So what a venture studio model is, is systematically being a machine that can build new companies and build new deal flow, including investing in opportunities that come to us, but build new deal flow in spaces that we choose to innovate in. So the way our ION Labs model works is we have three core elements behind it. Number one is we define big problem statements and validate them that they are truly industry-grade, industry-wide problem statements that, if solved, will be the foundation of a great new startup. Number two is that we are able to locate the best team and technology out there to solve those problem statements together. And number three is that we're the right place to do that.

And I think that's the key differentiation because number one and number two, a lot of VCs do, but number three is that we have pharma partners that we ask them not only is this a good space and great team and technology, but are you willing to actually allocate the time of one of your R&D experts to work with that startup from day zero to get up and running, develop their technology. And within the first two years, validate it through a POC, through a proof of concept study that we've already agreed to do for a future technology from even before we build the startup.
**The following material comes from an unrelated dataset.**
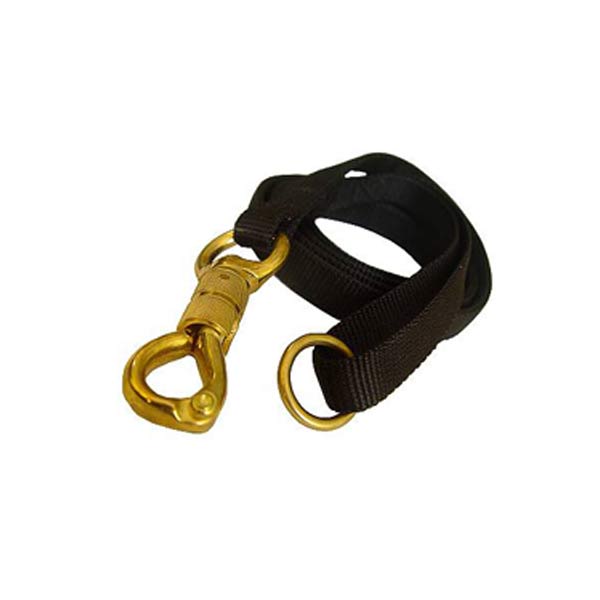 Dog Leads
And if at least one of the four pharma partners that we work with says yes to that, then all three core elements align, and then we can make an investment and help build that new startup.

Jon Chee - 00:14:16: I love that. Because exactly what you said, it feels like you're getting ahead of it and solving backwards. Whereas I think a lot of the time, people just do it the opposite direction, which results in some harrowing surprises, where you're just like, "Oh, the commercial promise here is perhaps nonexistent," and you've already made the investment. And you're just like, "Oh, crap." So I really like how you've inverted that. Before even the company has started, let's talk to the people. Does this thing have legs? It's not just a conversation either. It's like, you gotta dedicate someone to give time on this, which is very differentiated.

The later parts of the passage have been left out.